Indeed, the Medrash Rabbo explains the possuk "and Yosef was in Egypt" (1:5) to mean that Yosef remained as unassuming after he became king, as he had been when he was a slave, when he first arrived in Egypt. The Torah Temimah cites a Pirkei de'Rebbi Eliezer, which explains Yosef's airs in the light of another Chazal, which attributes Yosef's premature death to the fact that ten times he heard his brothers refer to their father as "our father, your servant" (in fact, it was five times from his brothers and five times from the interpreter) - and he remained silent. He was due apparently, to live for 120 years, and he now died at 110.

And that, explains the Pirkei de'Rebbi Eliezer, is 'the airs' to which the first Chazal refer.

Putting on Airs (Par'oh's Style)

"And there arose a new king who did not know Yosef." (1:8)
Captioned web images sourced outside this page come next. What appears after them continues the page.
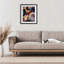 «Arched Shapes Composition», reproduction sous verre encadrée, design par Ishita Banerjee-1583073864-1583073866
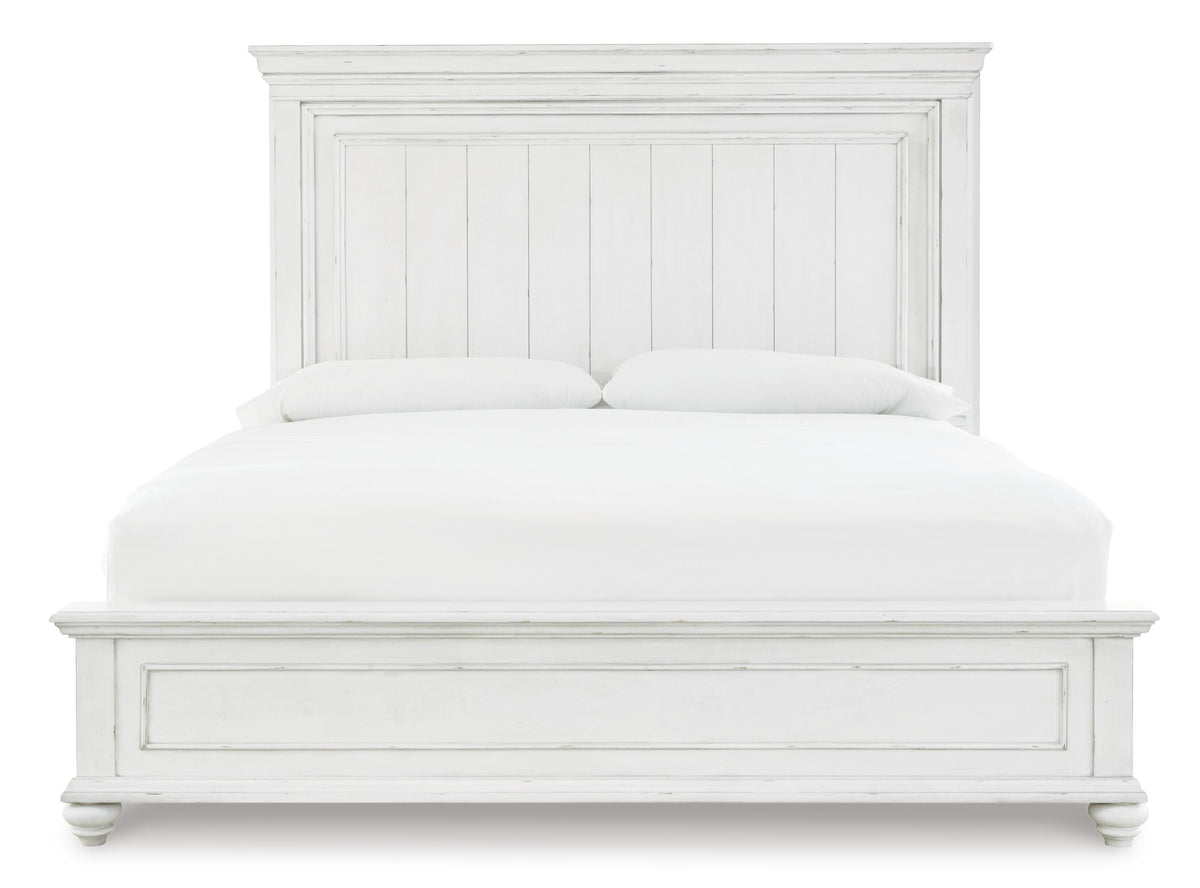 Kanwyn Panel Bed - California King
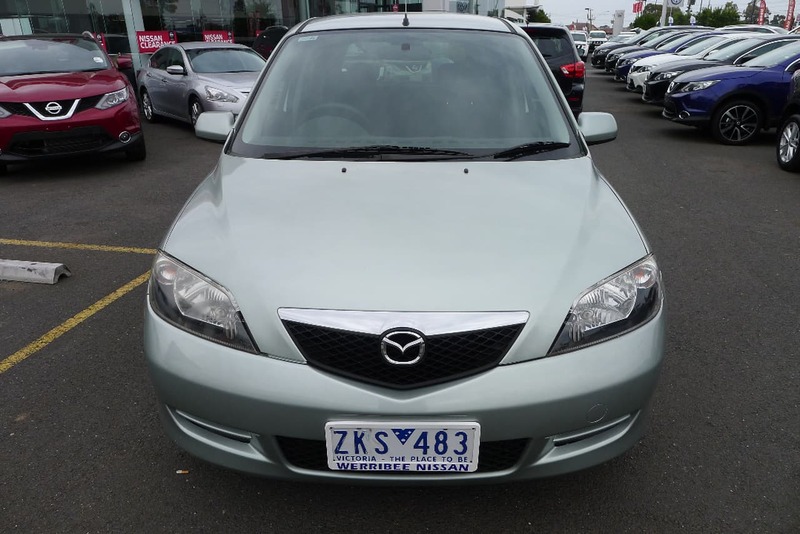 2004 MAZDA 2 MAXX DY Series 1
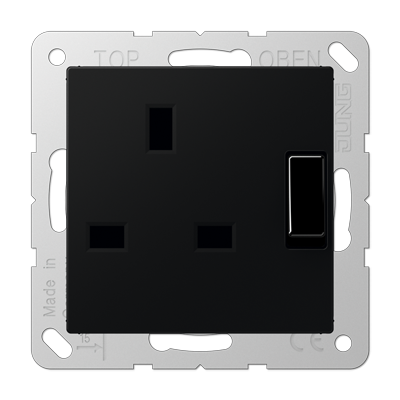 JUNG A3171SWM, switched socket, 4011377205253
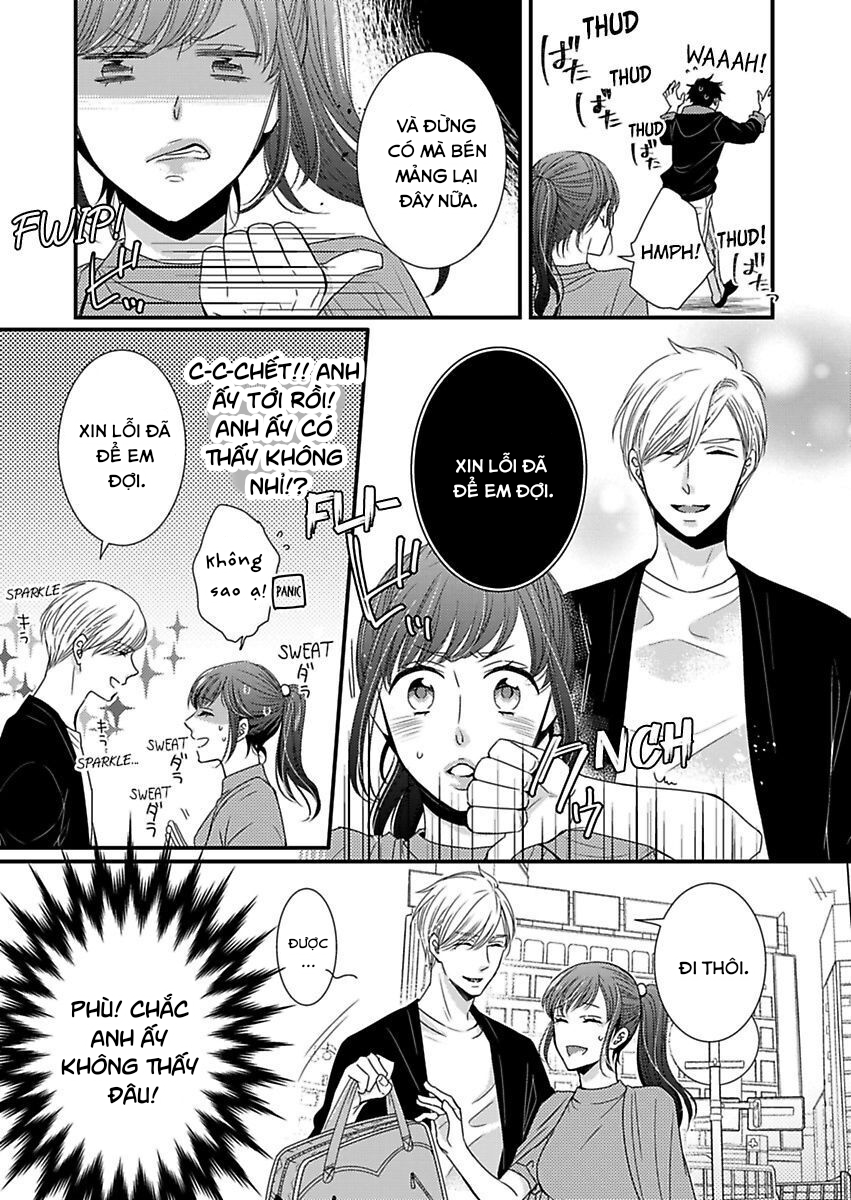 nghệ nhân hoa có được gái hư như tôi sao ? chapter 3.1 10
He was not a new king at all, the Da'as Zekeinim explains. He was the original Par'oh who had appointed Yosef more than eighty years earlier. However, when his subjects demanded that he turn upon the Jews, he refused, on the ground that it was inconceivable to repay the good that they had done the country, with bad.

So they deposed him. After three months, he could take it no longer, so he acceded to their request. But not only that; he actually took the initiative in enslaving and tormenting the Jewish people. So much so, that the Gemoro writes in Sotah (11a) that since Par'oh was the one who initiated the plan to subjugate the Jewish people, he would be the first to suffer the plagues, as the Torah writes about the frogs "And in you (Par'oh) and in your people the frogs will go!" See the difference between the airs put on by Par'oh, and those put on by Yosef!
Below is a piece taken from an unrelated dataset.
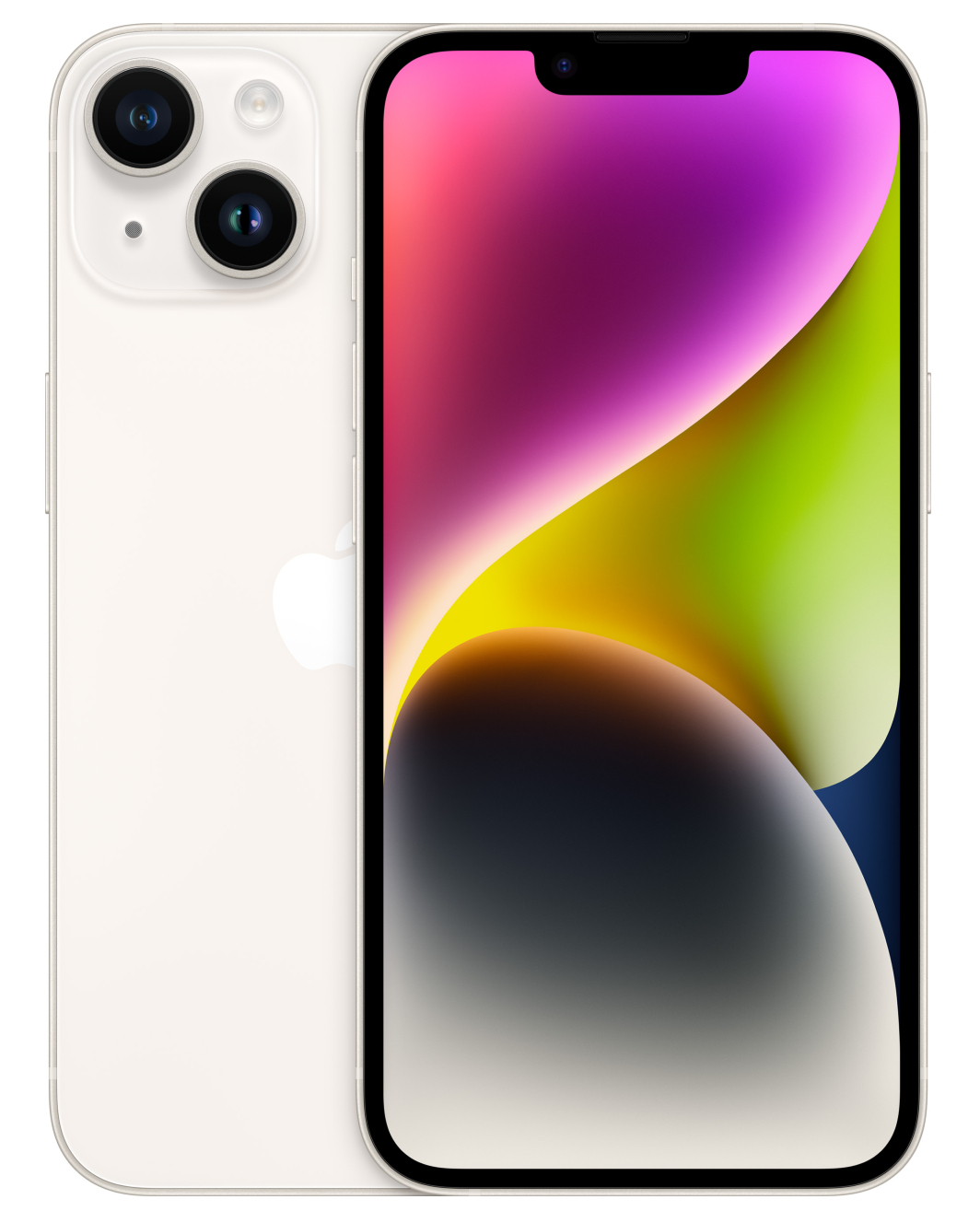 Смартфон Apple iPhone 14 256Gb Starlight (REF, A) - Фото 1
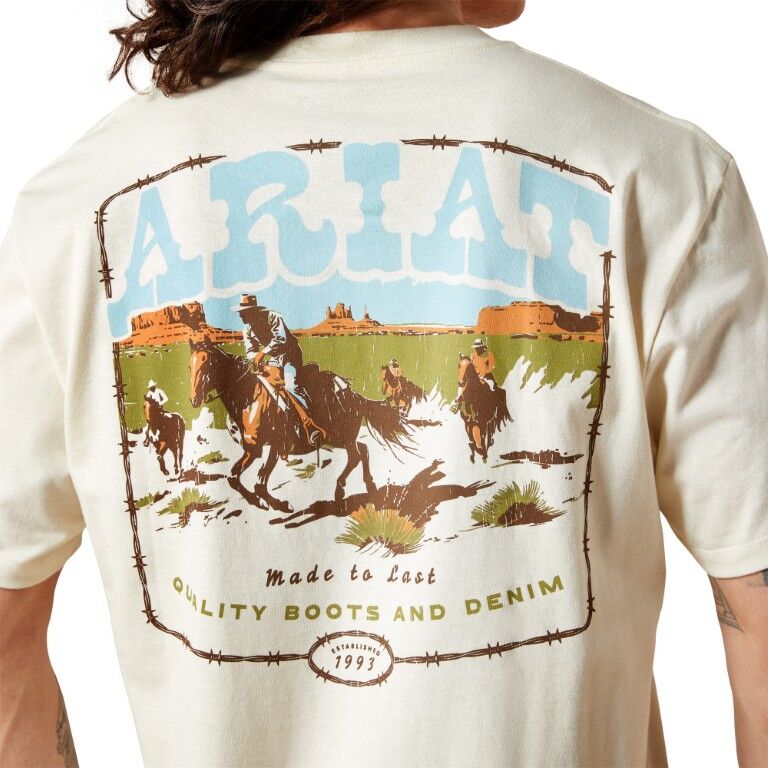 Ariat Men's Ariat Pulp Western T-Shirt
"And He Made Them Houses" (3:21)

Rashi, quoting a Gemoro in Sotah, explains that the 'houses' here, refers to houses of Kehunah and Leviy'oh, since Aharon and Moshe descended from Yocheved, and a house of Malchus, because Dovid descended from Miriam (the two midwives, otherwise known as Shifrah and Pu'oh).

In fact, Rashi is quoting not one opinion here, but two, since Rav and Shmuel argue over whether the posuk is referring to houses of Kehunah and Leviy'oh or to houses of Malchus, but not to both.

It is also not clear how Dovid descended from Miriam, since Miriam's husband was Kolev, the son of Chetzron, and Dovid descended from Rom, who was Kolev's brother.

The Aggodos Maharsho in Sotah asks this question, and he suggests that one of Kolev and Miriam's female descendants married one of Rom's male descendants, so that Dovid descended from Miriam, somewhere on the mother's side.

R. Bachye, among a number of explanations, explains that the "he" in the Pasuk, pertains not to Hashem, but to Par’oh. He therefore explains the posuk like this: When Par'oh saw that his plans to have the Jewish babies killed - using the medium of the Jews' own midwives - had failed, he built houses for Yisroel - meaning to have them watched by his own guards, one Egyptian house between those of two Jews, so that they could keep track of all pregnancies. When the time came, it would be easy to arrange for the disposal of all Jewish babies, at the hands of his own men.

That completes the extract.